Installed plugin skills are available through ratchet skill list and
ratchet skill show <name>. Plugin skills are also exposed to chat turns
through a compact index, and full skill text is injected only when explicitly
referenced by name, such as $autodev:using-autodev or /plugin:skill. Use
ratchet plugin marketplace add|list|update|remove to manage reviewed catalog
sources, ratchet plugin install <name>@<marketplace> to install a catalog
entry, ratchet plugin update <name|--all> to refresh installed plugins, and
ratchet plugin enable|disable <name> to control loader participation without
deleting files. Use ratchet plugin reload after installing, updating,
enabling, or disabling plugins to refresh daemon skills, hooks, commands,
tools, MCP declarations, ACP profiles, and plugin daemons without restarting
ratchet. Marketplace catalogs are metadata, not trust: project/plugin hooks
still require hash review before execution. Plugin autoupdate policy, managed
hooks, visible routines, and dynamic workflow run primitives remain deferred to
the runtime extension lifecycle plan.
ACP launch profiles are reviewed launch specs for explicit foreground ACP
client commands. Use ratchet acp client profiles list, add, install,
trust, and remove to manage local profile copies. Profiles store command,
args, cwd, and env key names only, never secret values. Built-in ACP agents win
over profile names, and profile names cannot shadow built-ins. Trusted profiles
can be used with --agent <name> for exec, drain, watch, compare, and
flow run; untrusted profiles are listed but refused at execution time.
Plugin-distributed profile templates can be installed into the local profile
store, then reviewed or trusted like local profiles. Use
ratchet acp client profiles verify <name> [--json] as a credential-free CI
contract check for trusted profiles; it reports session id, stop reason,
command fingerprint, and response byte count without printing prompt text,
response text, or env values.

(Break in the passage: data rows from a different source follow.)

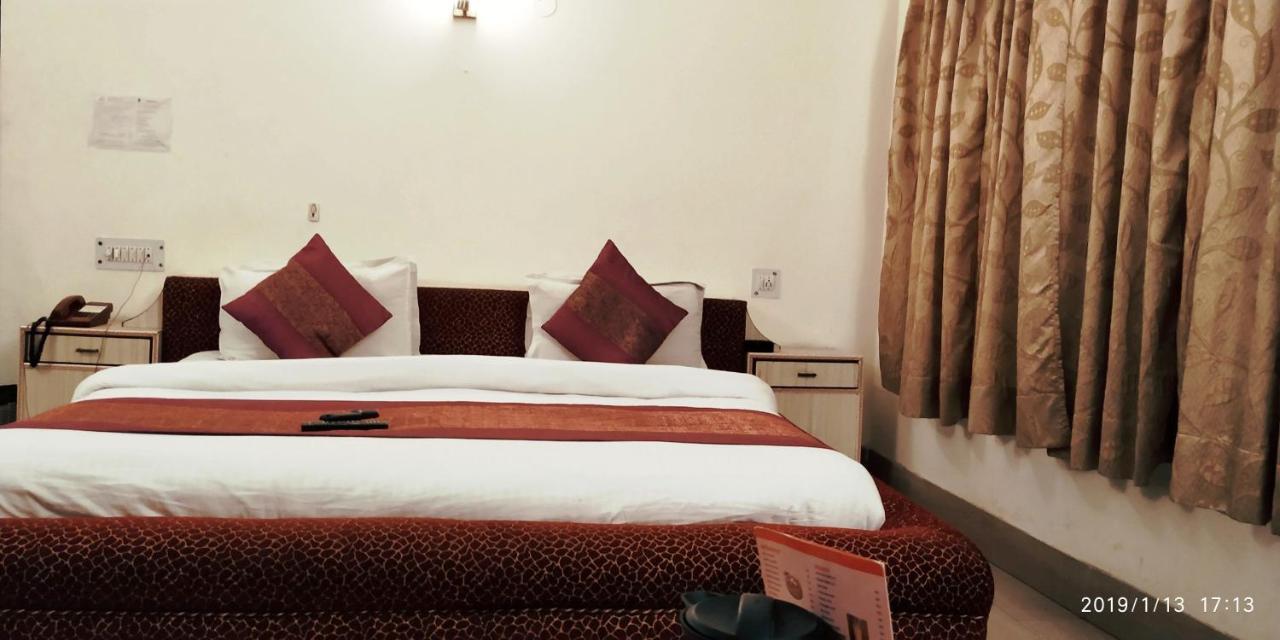 Hotel India International Új-Delhi Kültér fotó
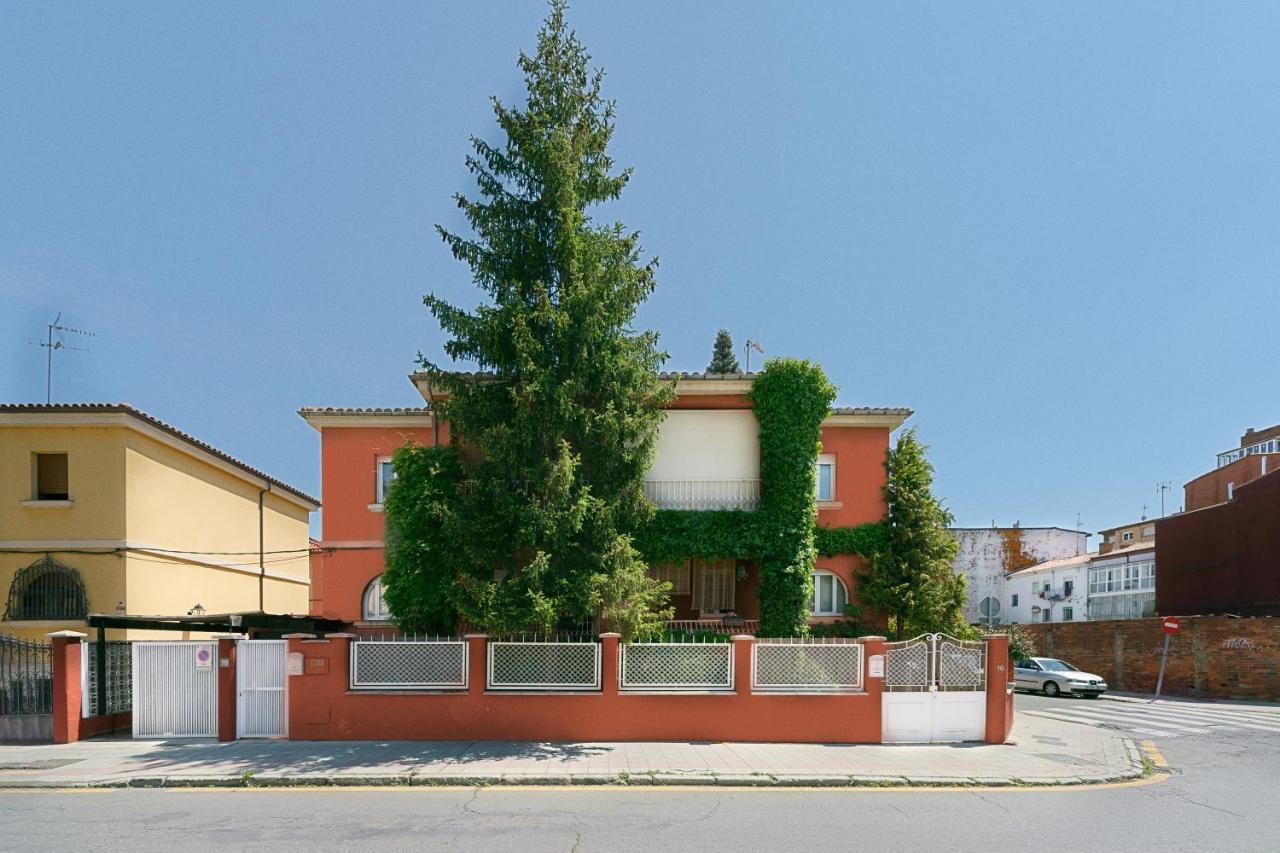 Casa Palomera - Casa Completa Con Jardín, Gimnasio Y Garaje Privados Сasa de vacaciones León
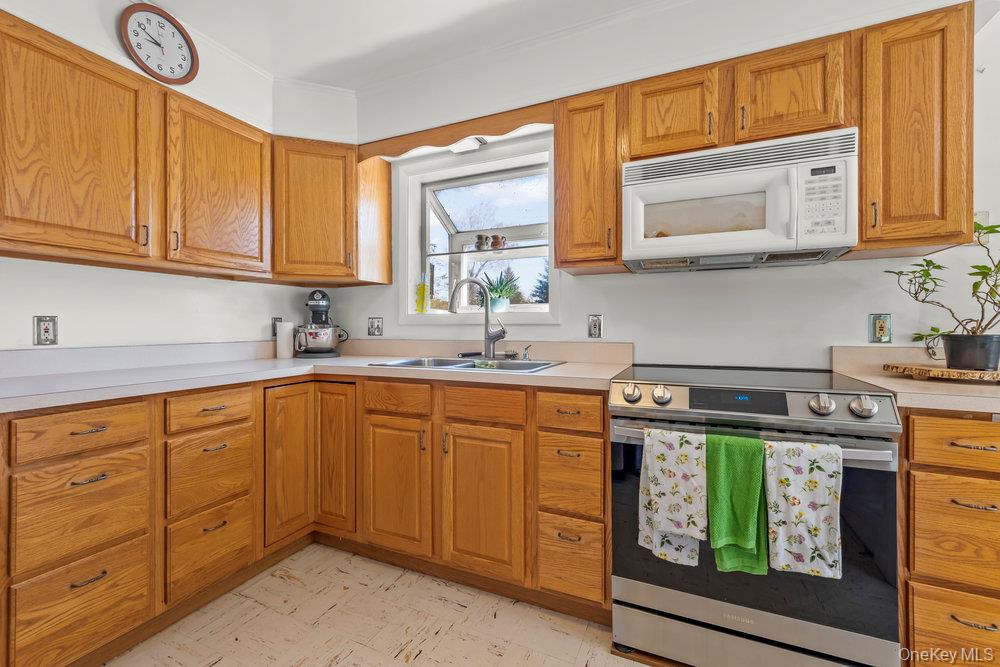 #11 photo, 23 Lakeview Drive, Holmes , NY 12531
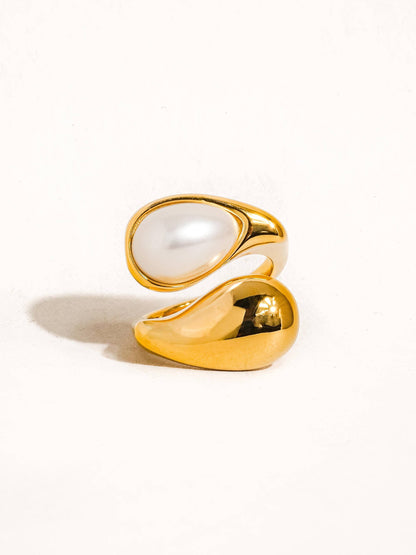 Sloan 18K Gold Non-Tarnish Pearl Wavy Ring: White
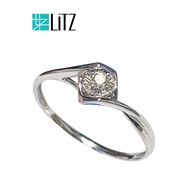 LITZ 18K White Gold Diamond Ring DR136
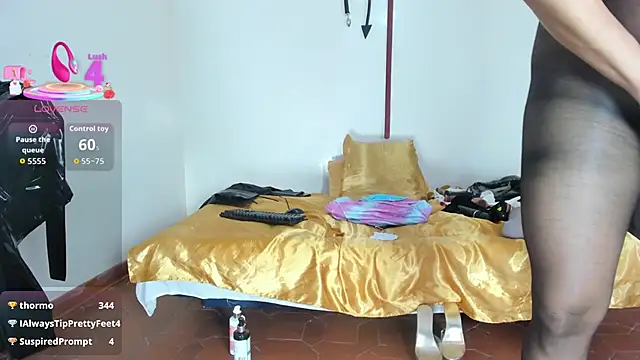 Snapshot of aurora_cullen_ chatting on 02.01.26 aurora cullen online show from 02.01.26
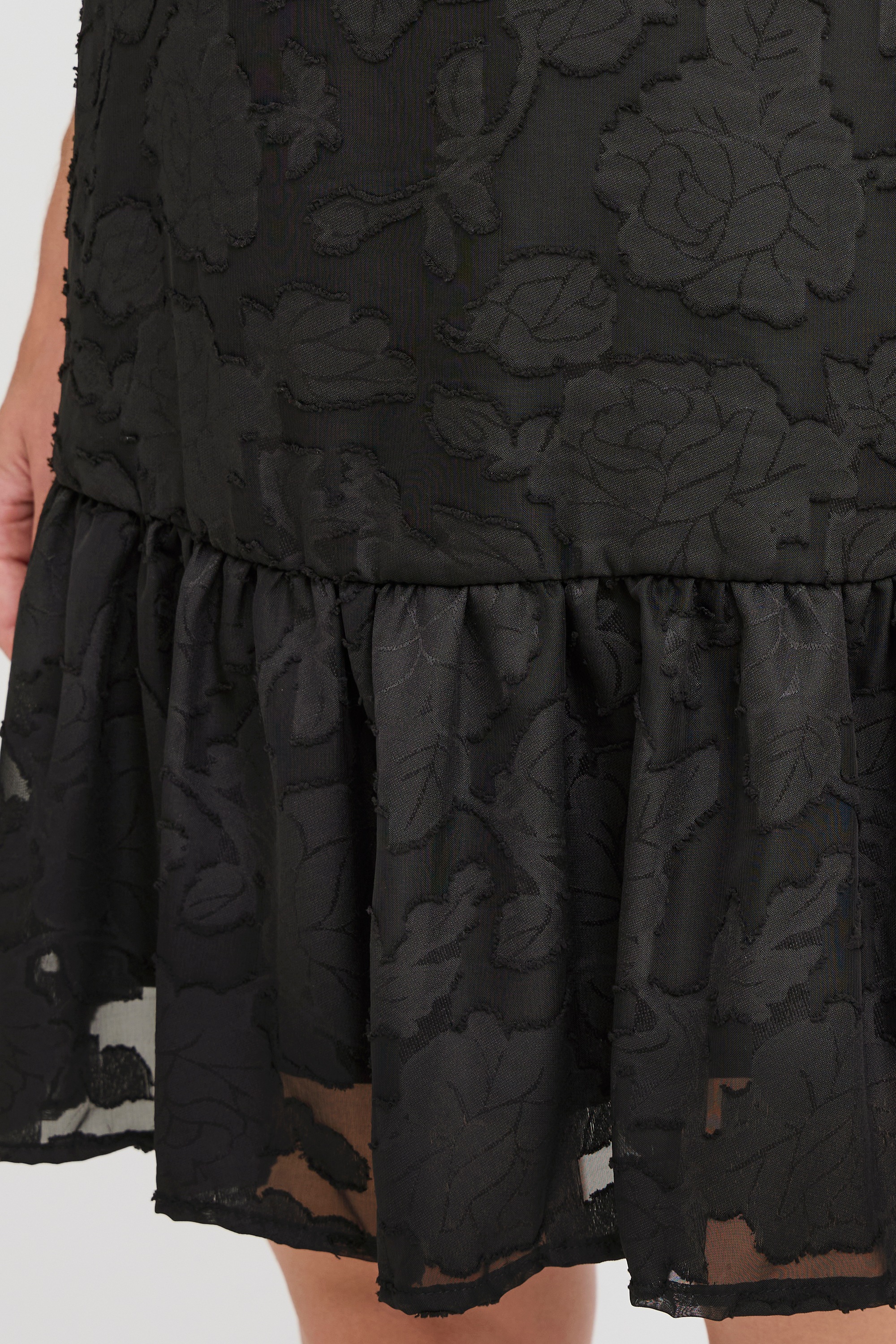 b.young Midikleid »Kleid BYFLIKKE«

The TypeScript extension SDK remains deferred.
See docs/policy-matrix.md for the Policy Matrix
covering static config trust rules, runtime trust rules, persistent trust
grants, permission prompts, explicit ACP client watch/drain, partial
sandbox/path/network controls, hook trust, plugin marketplace lifecycle,
plugin reload, ACP launch profiles, retro evidence, and deferred daemon
background drain, plugin autoupdate, routines, dynamic workflows, and extension
SDK work.
The ACP client queue persists prompt text under the user's XDG state directory.

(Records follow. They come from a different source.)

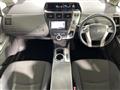 2014 Toyota PRIUS α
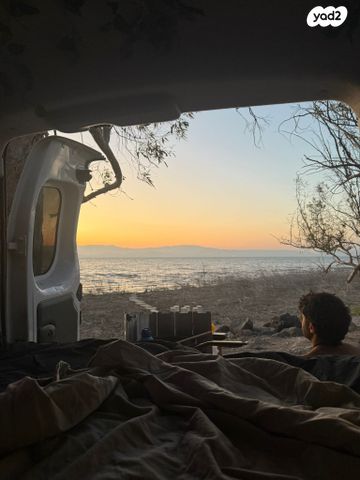 מודעת רכב ממונע אוטוקראוון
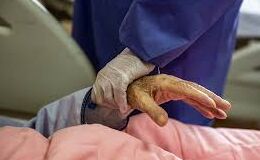 پایش کرونا در ۲۳ مرکز سالمندان خراسان رضوی در حال اجراست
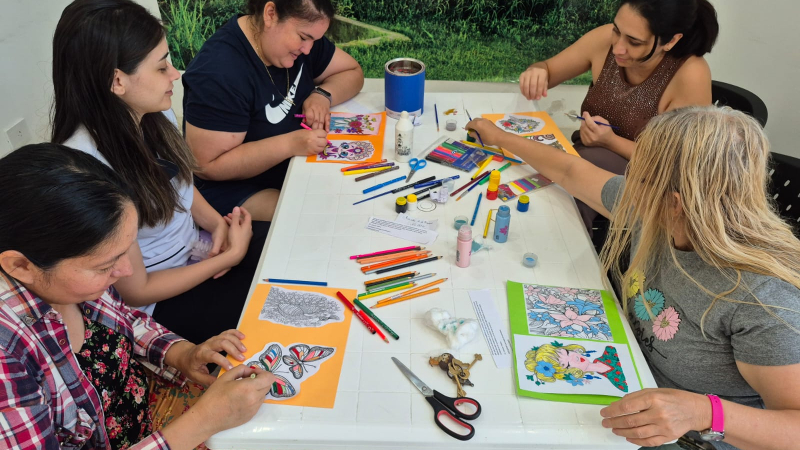 Organizan encuentros en el taller para mujeres Lazos que Cuidan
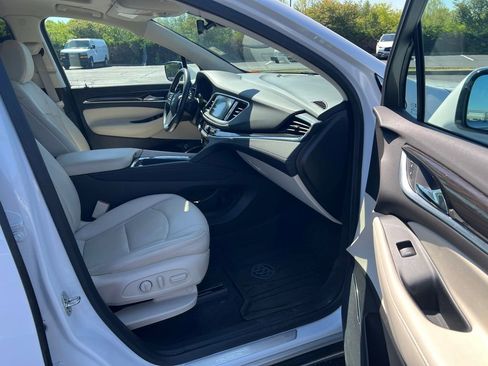 Used 2023 Buick Enclave Essence w/ Experience Buick Package AWD/4WD image 10
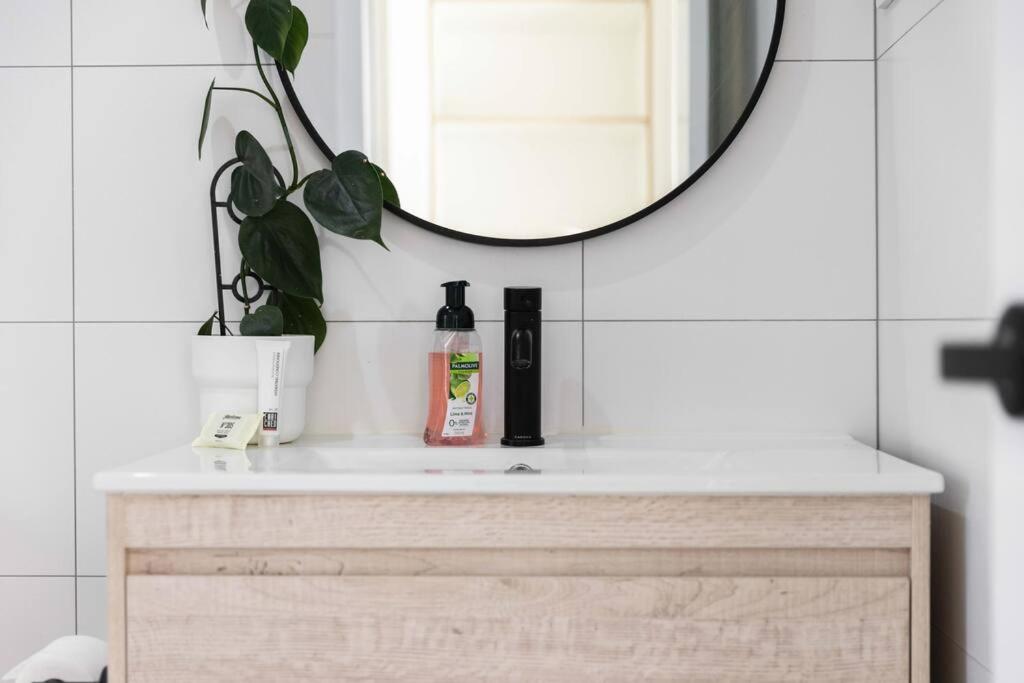 Spacious Urban Oasis in Throsby Canberra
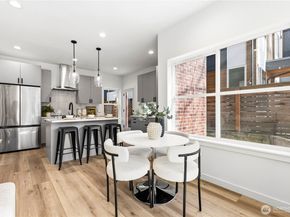 1706 B N 47th Street, Seattle WA 98103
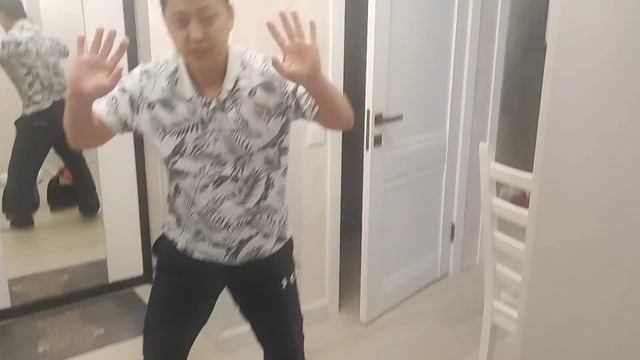 ТЕПЕРЬ В НАШЕЙ КВАРТИРЕ ЖИВУТ ЛЬВЫ  Шиндр Мындр  @ShindrMindr_Official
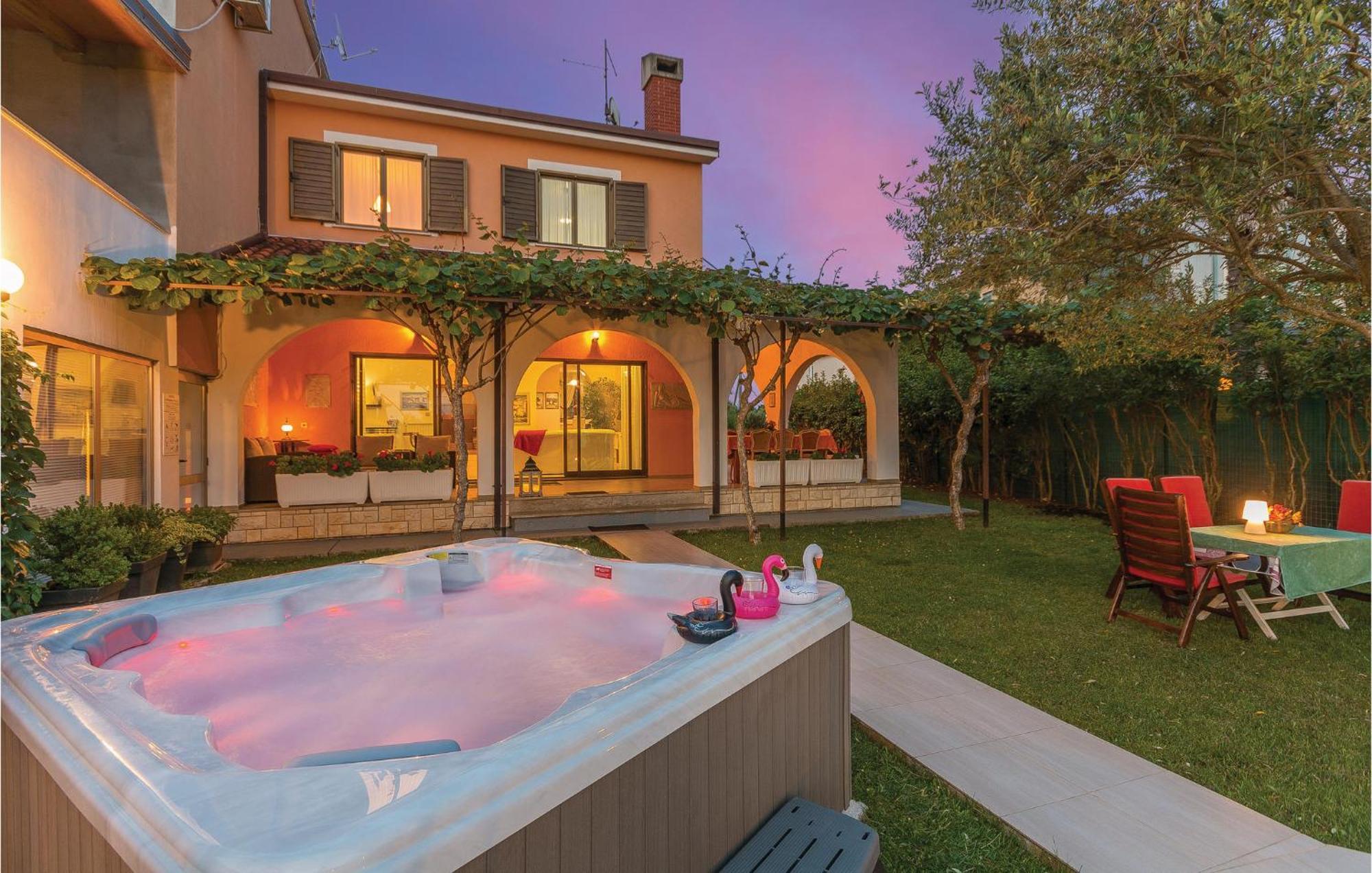 Ferienhaus Stunning Home In Umag With House A Panoramic View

Do not use --no-wait for prompts that should not be written to local disk.
ratchet acp client watch is an explicit foreground worker: it drains queued
prompts only while the operator-started command is running and still requires an
explicit --command or --agent launch target. It is not a hidden daemon
background drain.
ACP client archives are explicit JSON exports and can contain prompt text,
responses, summaries, and queue history. Treat exported archives as sensitive
conversation data.
The daemon blackboard is a same-device coordination surface for separate
terminal sessions. Use ratchet blackboard write coordination status ready and
ratchet blackboard read coordination status to pass short status, plan, or
handoff notes through the running daemon; add --json for scripts. The
blackboard is daemon-scoped volatile state, not durable storage across daemon
restart. Treat values as sensitive local coordination data because they can
contain prompts, file paths, or task context. Use
ratchet blackboard export [section] --jsonl to emit local notification-event
records with a messaging.text projection, or add --workflow-messaging to
include workflow-plugin-messaging-core handoff metadata for
step.messaging_send with channel supplied by the downstream Workflow
pipeline. External delivery belongs in the existing
workflow-plugin-messaging-core, workflow-plugin-slack,
workflow-plugin-discord, and workflow-plugin-teams plugin family, not in
ratchet-cli direct adapters or credential flags.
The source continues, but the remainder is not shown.